EXERCISE DESCRIPTION:
Your reply must contain the lines from the one with "I tu pojawia się problem" through the last line of the material, exact and complete, with no pictures and no other text.
--- DATASET EXCERPT Enclosed Below ---
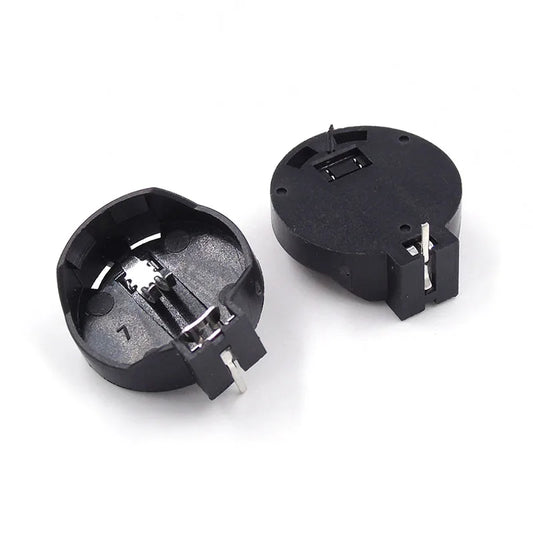 CR2032 Battery Button Cell Holder Socket Case CR2025 Battery Holder 2032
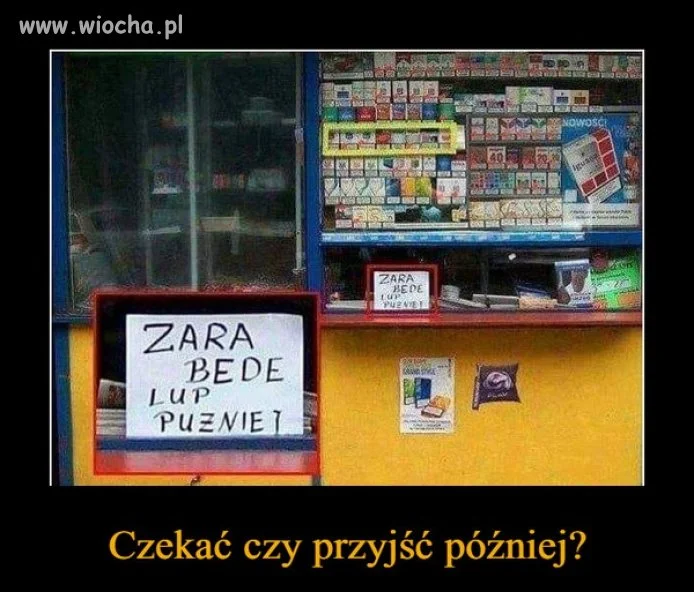 I tu pojawia się problem
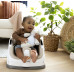 INGENUITY Jídelní židlička na židli 2v1 Baby Base Cashmere 6m+ do 15 kg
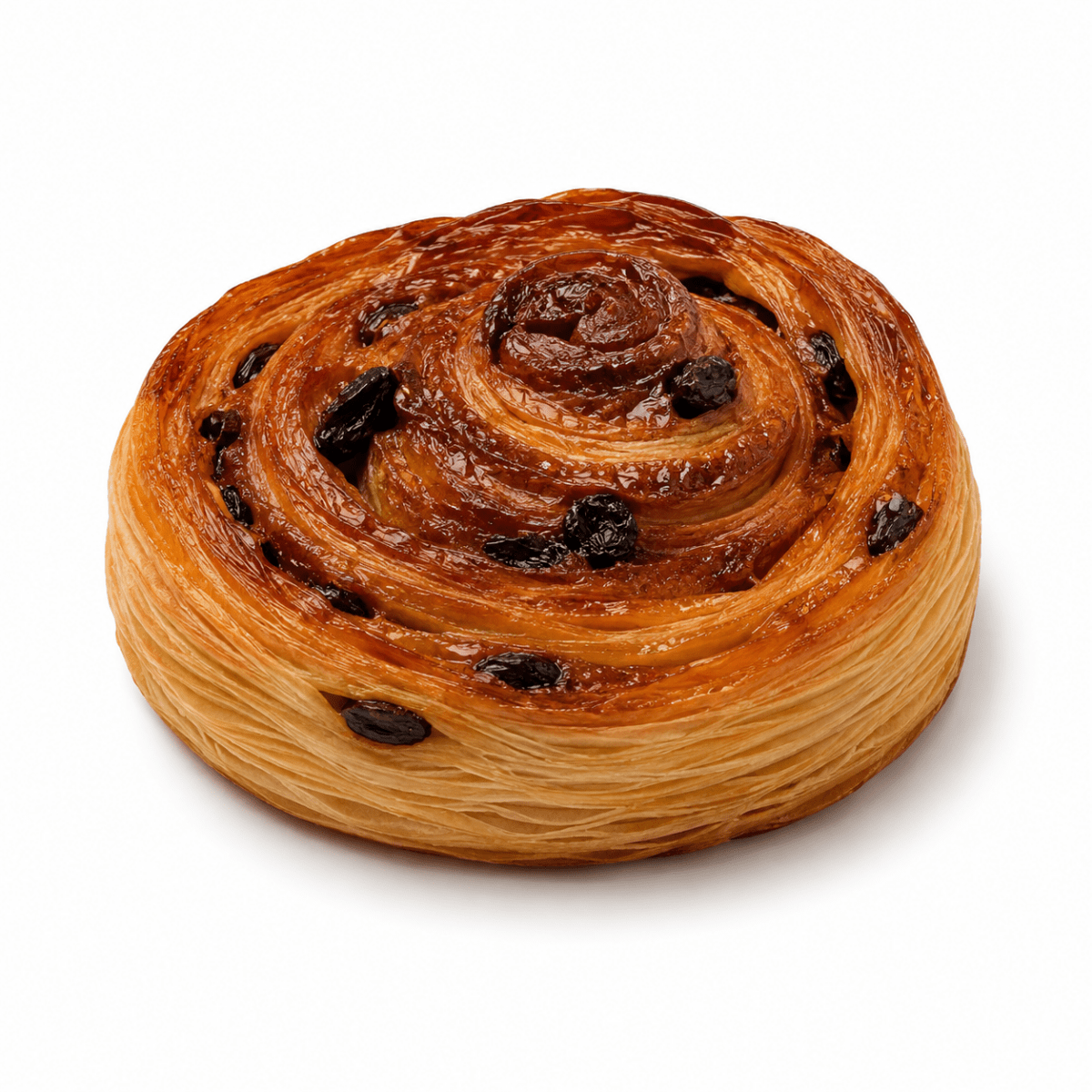 Pistachio Raisin Roll - L’Opéra -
--- End of Enclosed DATASET EXCERPT ---
COMPLETED TASK:
 I tu pojawia się problem
 INGENUITY Jídelní židlička na židli 2v1 Baby Base Cashmere 6m+ do 15 kg
 Pistachio Raisin Roll - L’Opéra -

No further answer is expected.